最新の空力部品における検討
新しい空力部品には正式な呼称が見当たらないので、あえてSPW(Side Pontoon Wing)と呼ぶ事にする。
(その後、「アッパー・ボーダー・ウィング」という公称がついたが、この記事ではSPWと呼ぶ)
これはボーダー・ウィング(サイド・ポンツーンの下端に追加した水平板)の真上、サイドポンツーンの前縁上部に追加した
小羽根である。この部品は2004年度中にあって、他のどのチームも採用しなかった空力部品だが、2005年のトヨタが
採用してきた。トヨタにはジョーダンからニコロ・ペトルッチという空力エンジニアが移籍してきたらしいが、件のSPWは
ニコロ・ペトルッチが考案した物だとの噂もある。
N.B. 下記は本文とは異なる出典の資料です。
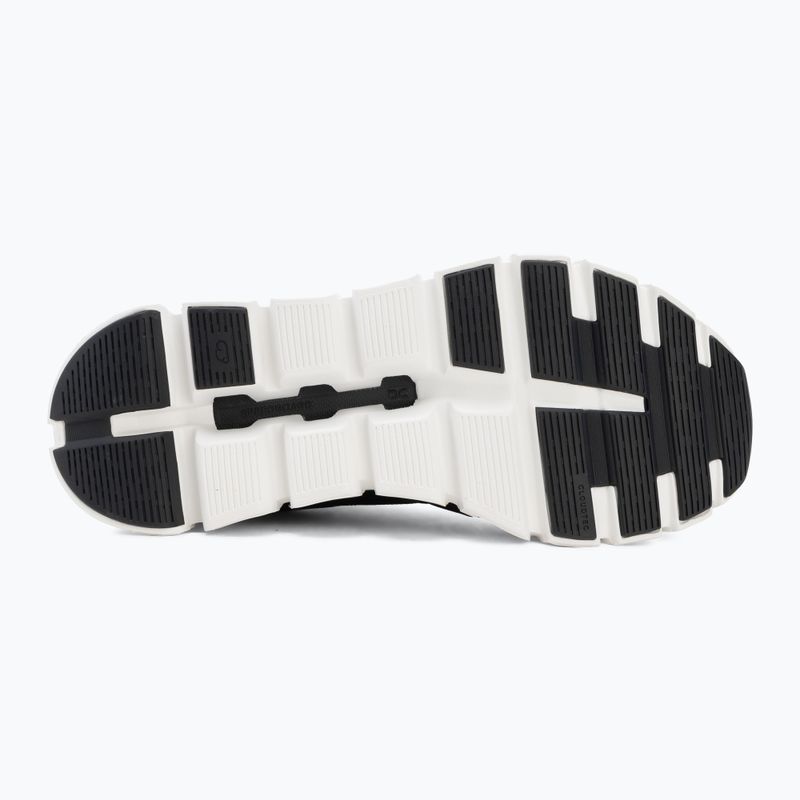 Men's shoes On Cloud 6 Wide black/white 4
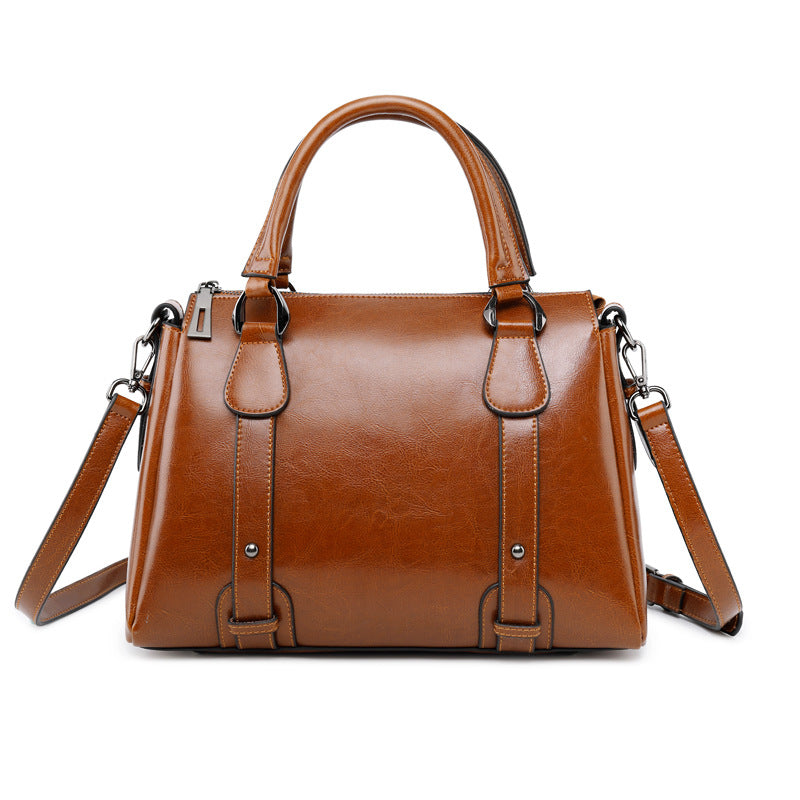 Venta al por mayor Bolso de cuero de vaca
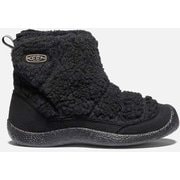 ハウザーII MID 1023927 Fuwafuwa Black18cm [キッズ用シューズ]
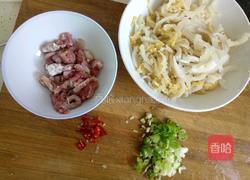 酸菜肉丝面的做法图解4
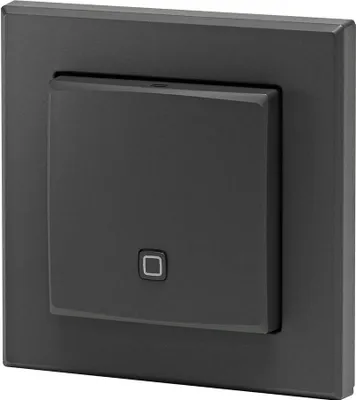 Immagine prodotto di Homematic IP Sensore di temperatura e umidità per interni antracite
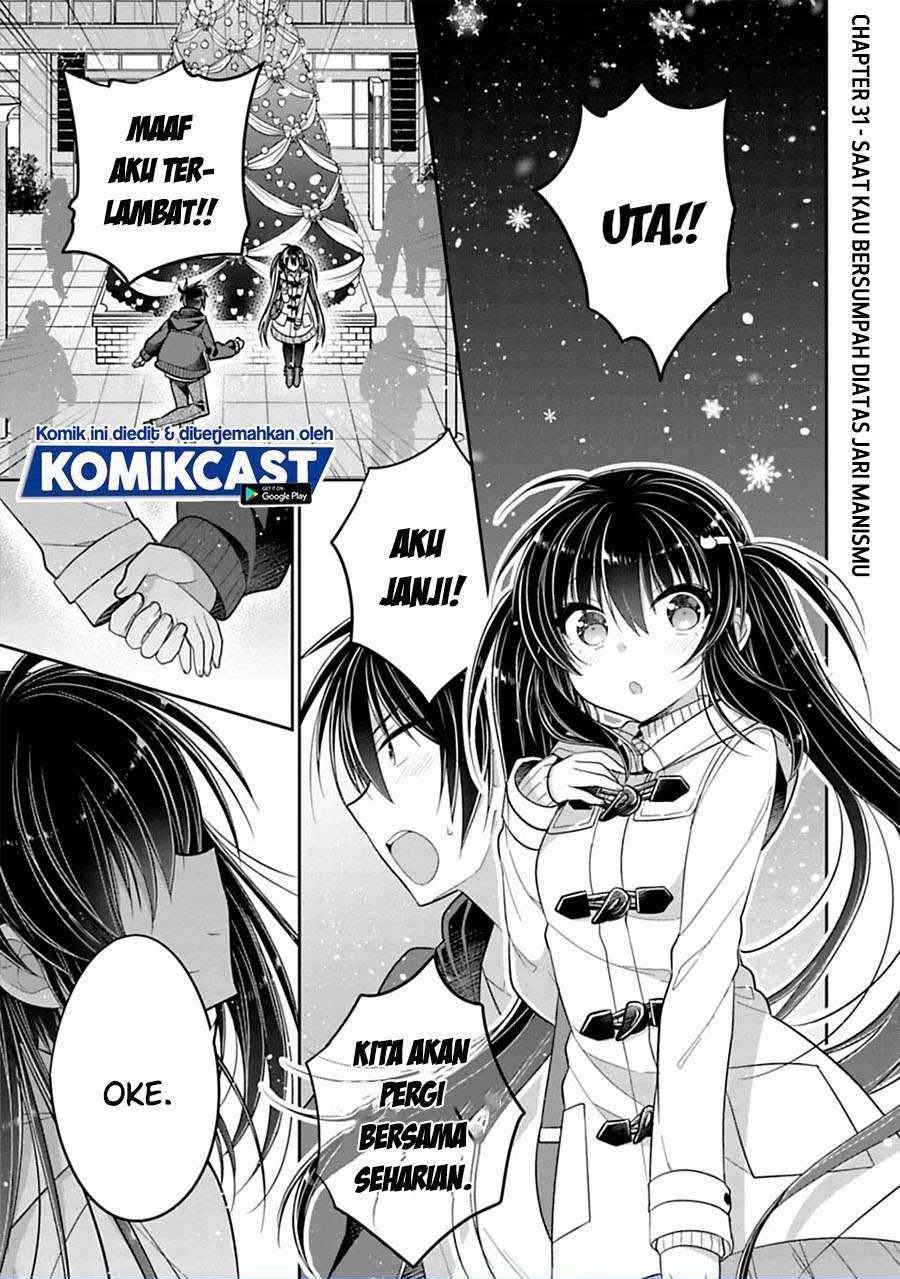 Baca Komik Siscon Ani to Brocon Imouto ga Shoujiki ni Nattara Chapter 31 Gambar 1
大幅なレギュレーション改正を受けてエンジンの供給を約束した代償に
トヨタが触手を伸ばした新案の効果とは如何なるものなのだろうか?一説には、その部分のダウンフォース増強ではなく
整流を期待しているそうで、絶大な効果があるわけではないとも聞くが、芳しき隠微なる甘い香りが漂うではないか。
ただし、レギュレーション上、バージー・ボードのマシンは、件のSPWを装着できないという事だから、秘すればこそ華
とも言えそうである。ここは一つ、一枚剥ぎ取ってみたくなった。